Video Huge golden statue of Trump with a wand draws crowds at CPAC before his Sunday speech

Credit: twitter/WilliamTurton

 

 

On Thursday evening, a massive effigy of former president Donald Trump was rolled into the Conservative Political Action Conference (CPAC). The gold statue is wearing a white shirt, tie, suit jacket and a pair of shorts with Stars and Stripes. It appears to be holding a magic wand.

 

In a video Trump supporters have been taking selfies with the effigy as they watch it roll through the building before he is scheduled to make an appearance on Sunday and address the CPAC. This will be his first appearance after he left the White House.

 

Ian Walters, spokesman for the American Conservative Union, said that Trump will be a speaker at the group’s annual CPAC in Orlando, in Florida on Sunday.

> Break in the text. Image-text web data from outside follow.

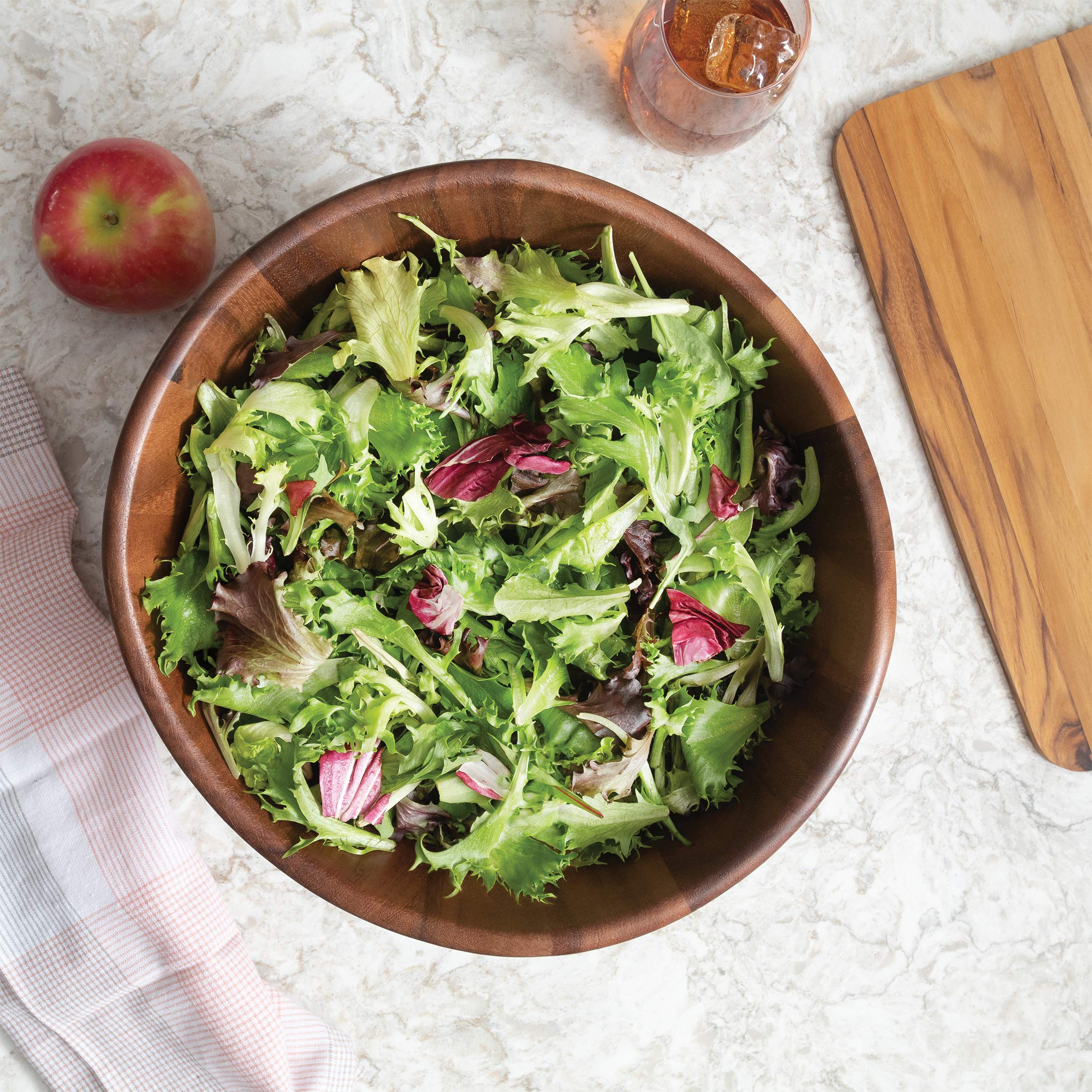 Lipper International Acacia Wave Bowl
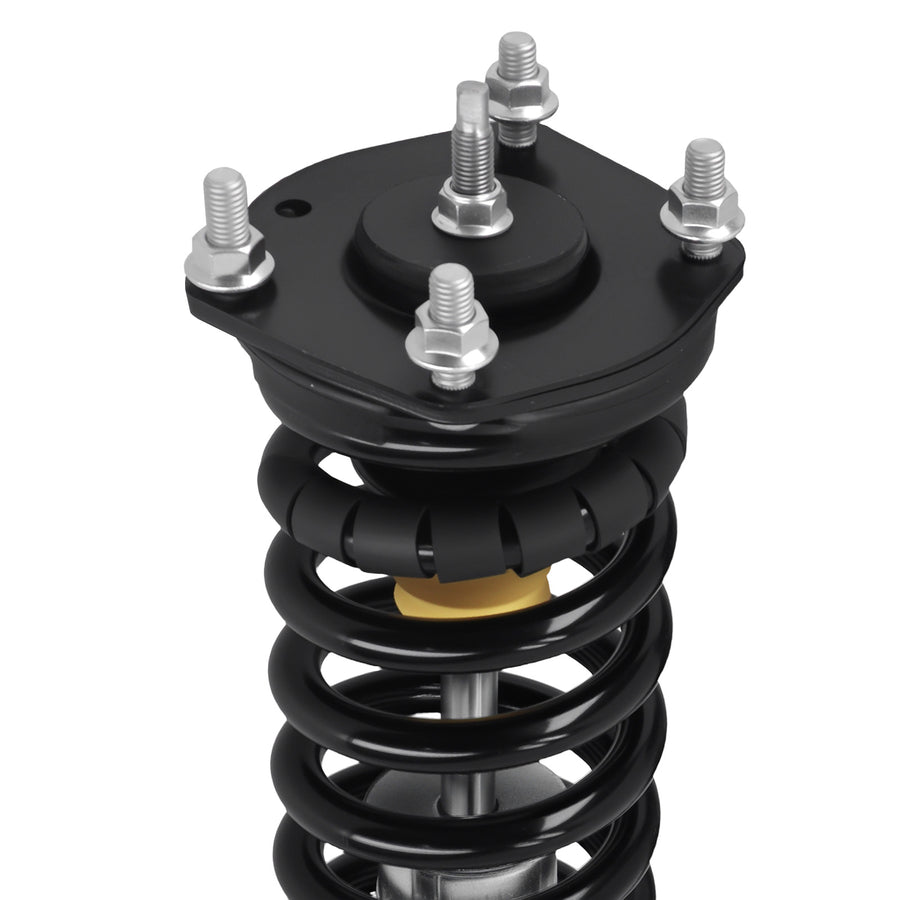 2pcs Front Left + Right Strut Spring compatible for Jeep Grand Cherokee 2005-2010 RWD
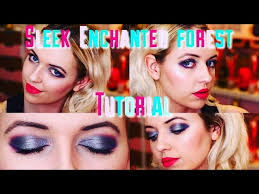 sleek enchanted forest makeup tutorial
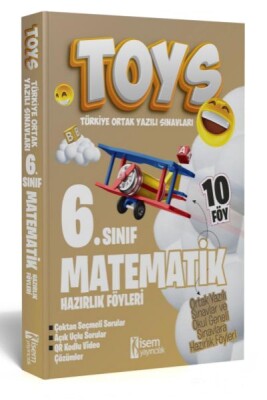 İsem Yayıncılık 2024 Toys 6. Sınıf Matematik Hazırlık Föyleri - İsem Yayıncılık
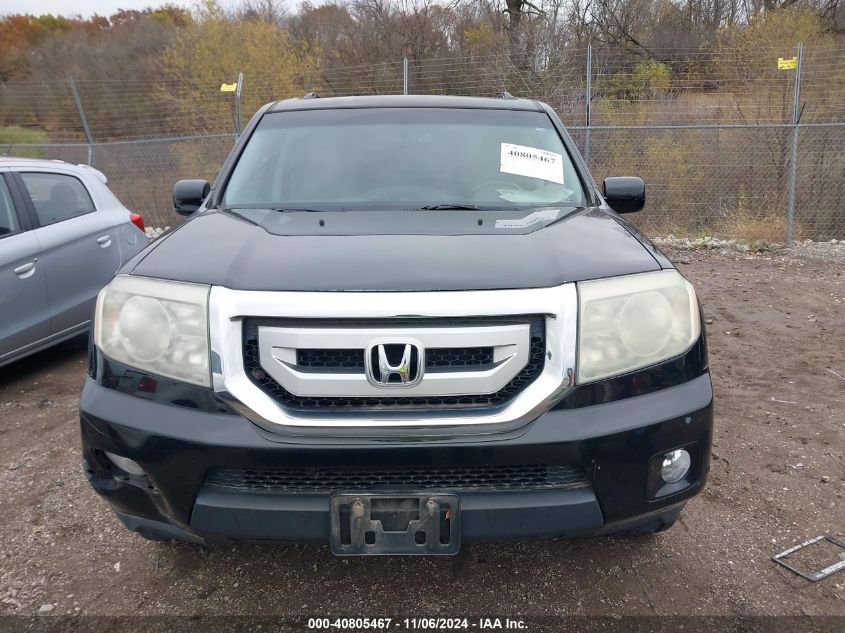 2010 Honda Pilot Touring VIN: 5FNYF4H83AB004923 Lot: 40805467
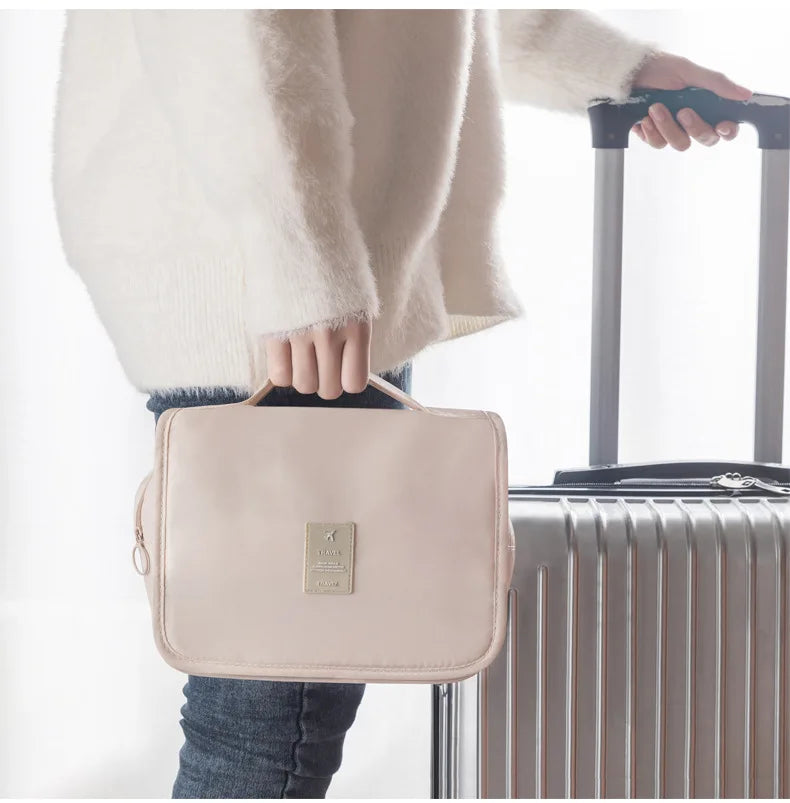 Makeup Bag Travel Cosmetic Bags Toiletries Organizer Waterproof Storage Neceser Bathroom Hook Wash Pouch High Quality Women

On conditions of anonymity, a person close to the former president said that he is expected to talk about the future of the Republican Party. Deep fissures have appeared within the party after the January

6 insurrections on the Capitol, which is said to have been incited by Trump’s rhetoric. Mike Pence declined an invitation to address the CPAC. Trump is also expected to address President Biden’s efforts to overturn his immigration policies.

 

Many other pro-Trump administrators and officials who support him are also expected to speak. Some of them include former Secretary of State Mike Pompeo, Florida Governor Ron DeSantis as well as South Dakota Governor Kristi Noem.

 

 

 

Although Trump has been relatively quiet from when he left the White House, last week he was on a few phone-in interviews from his home in Palm Beach, Florida. He is also facing numerous criminal and personal lawsuits after he left the White House. Trump commented on the death of Rush Limbaugh and told Fox that Rush had felt that they had won the election and he was “quite angry about it.”

 

He called the elections “disgraceful” and continued to perpetuate his false claims that there was election fraud. Trump also said that he still believed that his “administration” won the election.